Une application pour géolocaliser les actions de chasse

La secrétaire d’Etat a d’ailleurs annoncé devant le Sénat la mise en place « dans un futur très proche » d’une application recoupant les données de l’Office national des forêts (ONF). « Un outil ergonomique et qui va permettre à chacun en se géolocalisant, de savoir où et quand se déroulent des actions de chasse. C’est absolument nécessaire et ça peut permettre un apaisement des situations locales ».
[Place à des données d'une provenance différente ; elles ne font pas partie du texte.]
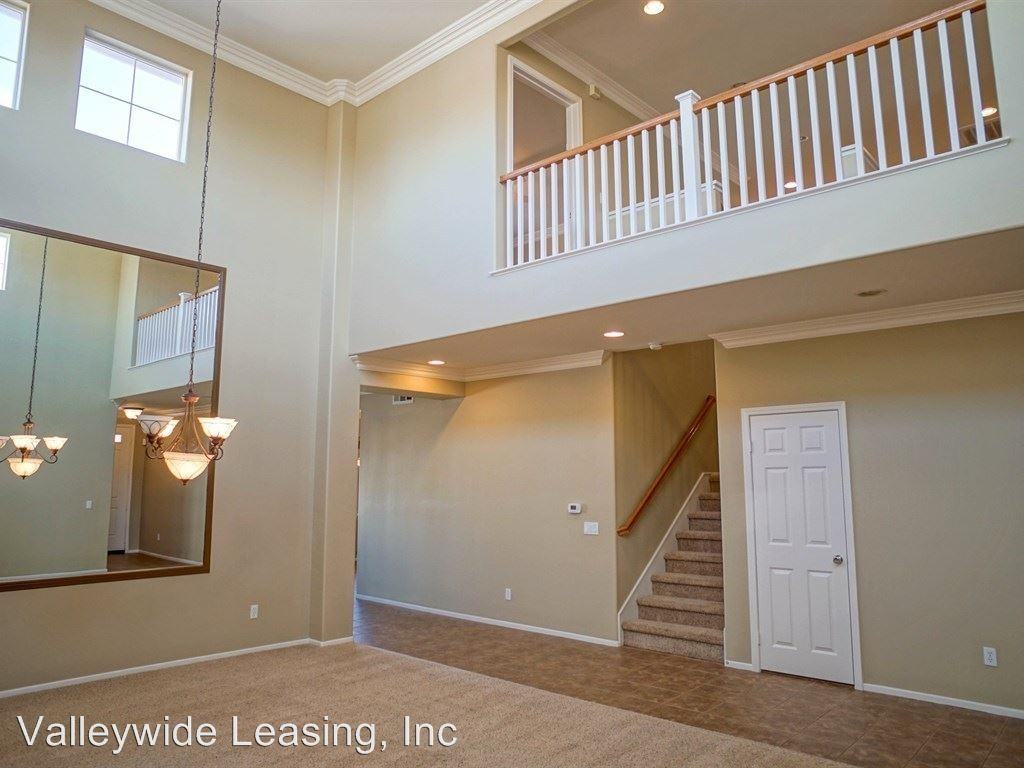 29540 Sequoia Rd - Photo 2 of 10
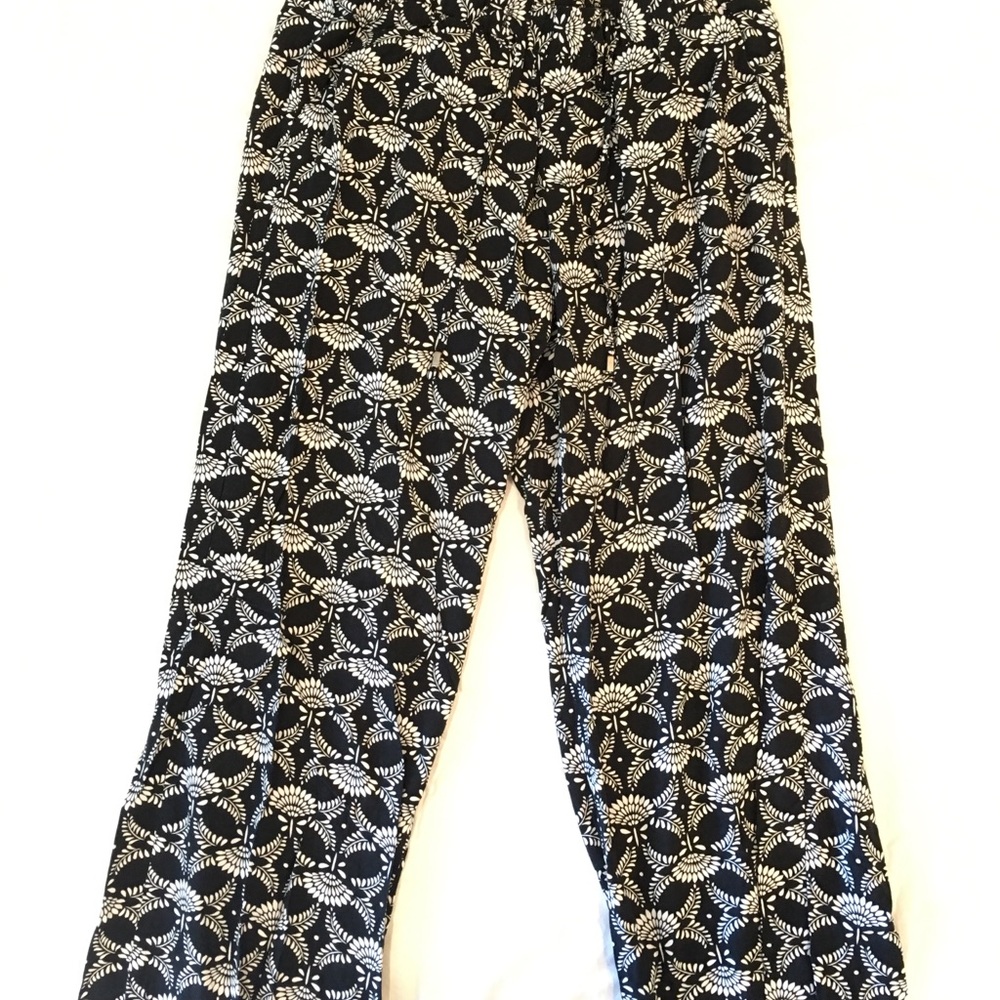 Lightweight comfortable printed pants - Picture 2 of 7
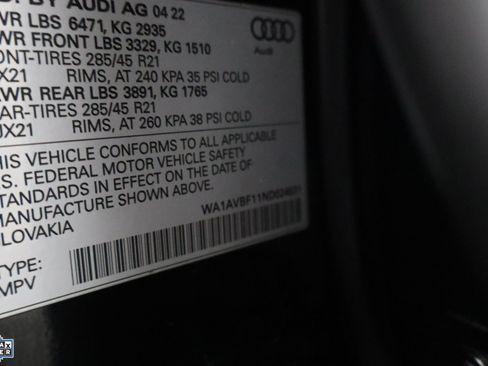 Used 2022 Audi Q8 Premium image 31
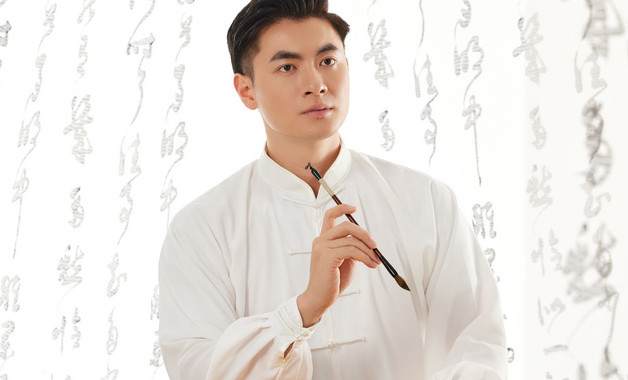 东食西宿什么意思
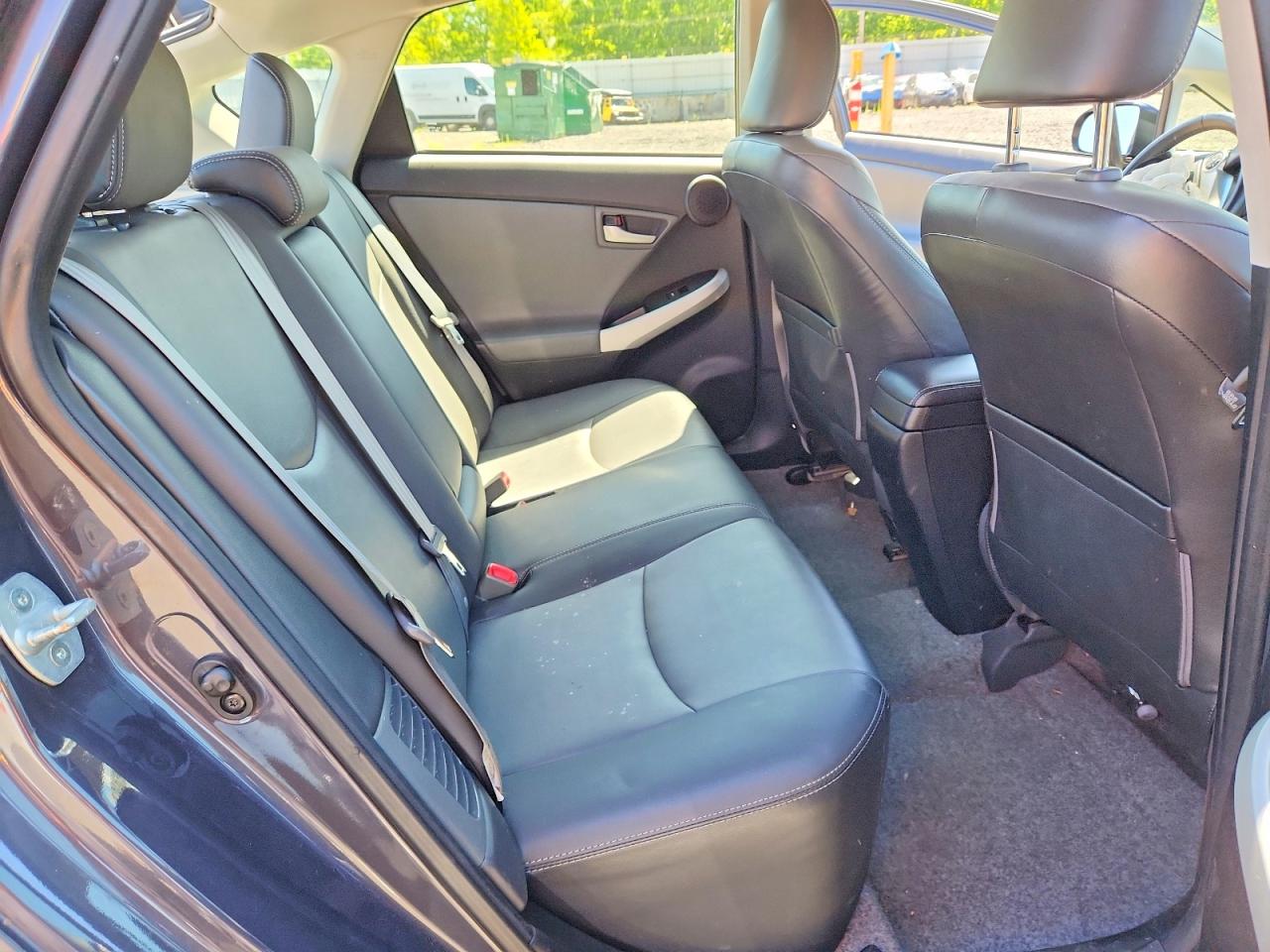 2013 TOYOTA PRIUS FOUR photo 19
Invité de la matinale de Public Sénat, « Bonjour chez vous », Sophie Primas, présidente LR de la mission a esquissé les différentes pistes vers lesquelles devrait diriger le Sénat. « Il y a des mesures à prendre sur la formation, la pratique, le partage de l’espace, les horaires d’utilisation de la forêt ». Comme la Secrétaire d’Etat, Sophie Primas appelle à « décentraliser la réflexion sur les moments et les lieux de chasse ». « Il y a d’ailleurs des endroits en Ile-de-France où il est d’ores et déjà interdit de chasser le week-end dans les forêts domaniales, par exemple ».

« Si la mission ne propose pas de jour sans chasse, elle ne sera pas crédible »

Mais pour le sénateur écologiste, Daniel Salmon « si la mission ne propose pas de jour sans chasse, elle ne sera pas crédible ». Et quant à l’appli permettant de géolocaliser les chasseurs que souhaite mettre en place le gouvernement, elle est loin d’être suffisante selon lui. « S’il faut avoir bac plus 7 pour pouvoir se promener le week-end, on n’est pas sorti de l’auberge ».

L’élu d’Ille-et-Vilaine va toutefois moins loin que son candidat à la présidentielle. « Yannick Jadot propose le week-end entier sans chasse. Moi, je propose que la chasse ne soit autorisée que le samedi matin. Ça permettrait au milieu rural de retrouver la paix ».

L’autre rapporteur de la mission sur la sécurisation de la chasse, Patrick Chaize (LR) n’est pas chasseur « je n’ai jamais touché une arme de ma vie ». Ça ne l’a pas empêché d’être mis en cause, lors d’une audition, par Yves Verilhac, directeur général de la Ligue de Protection des Oiseaux (LPO) du « lobby cynégétique ». « Il a dit ça parce que j’ai voté en faveur de la chasse à la glu. Mais ça n’a rien à voir avec les problèmes de sécurité liés à la chasse. J’ai trouvé ça gratuit de mettre en cause mon intégrité de cette façon », estime aujourd’hui Patrick Chaize qui assure faire « un travail sérieux, à l’écoute des uns et des autres ». « Les solutions toutes faites n’existent pas. Si on institue un jour sans chasse, ça veut dire qu’on interdit les autres activités les jours de chasse. Si demain, on durcit les règles de la chasse, les chasseurs vont s’enfermer dans leur domaine et on sait à quel point l’engrillagement des espaces naturels est un désastre pour la biodiversité », souligne-t-il.

« Ce n’est pas possible d’en rester là »

Qu’à cela ne tienne, le président du groupe écologiste du Sénat, Guillaume Gontard veut « continuer de mettre la pression ». « La France est l’un des seuls pays européens à autoriser la chasse sept jours sur sept. Ce n’est pas possible d’en rester là. Je rappelle que Sénat s’est saisi du sujet face à la pression citoyenne d’une pétition qui a rassemblé 122 000 signatures. Que ce soit Barbara Pompili (ministre de la Transition écologique), Bérangère Abba ou les membres de la mission, ils ne vont pouvoir continuer à évacuer ce sujet continuellement ».

Et si le bilan statistique des accidents de chasse est à la baisse (7 mortels en 2020-2021), « on ne peut pas se satisfaire d’« un quota de morts », s’indigne Guillaume Gontard.

La mission d’information du Sénat rendra ses conclusions au début de l’été.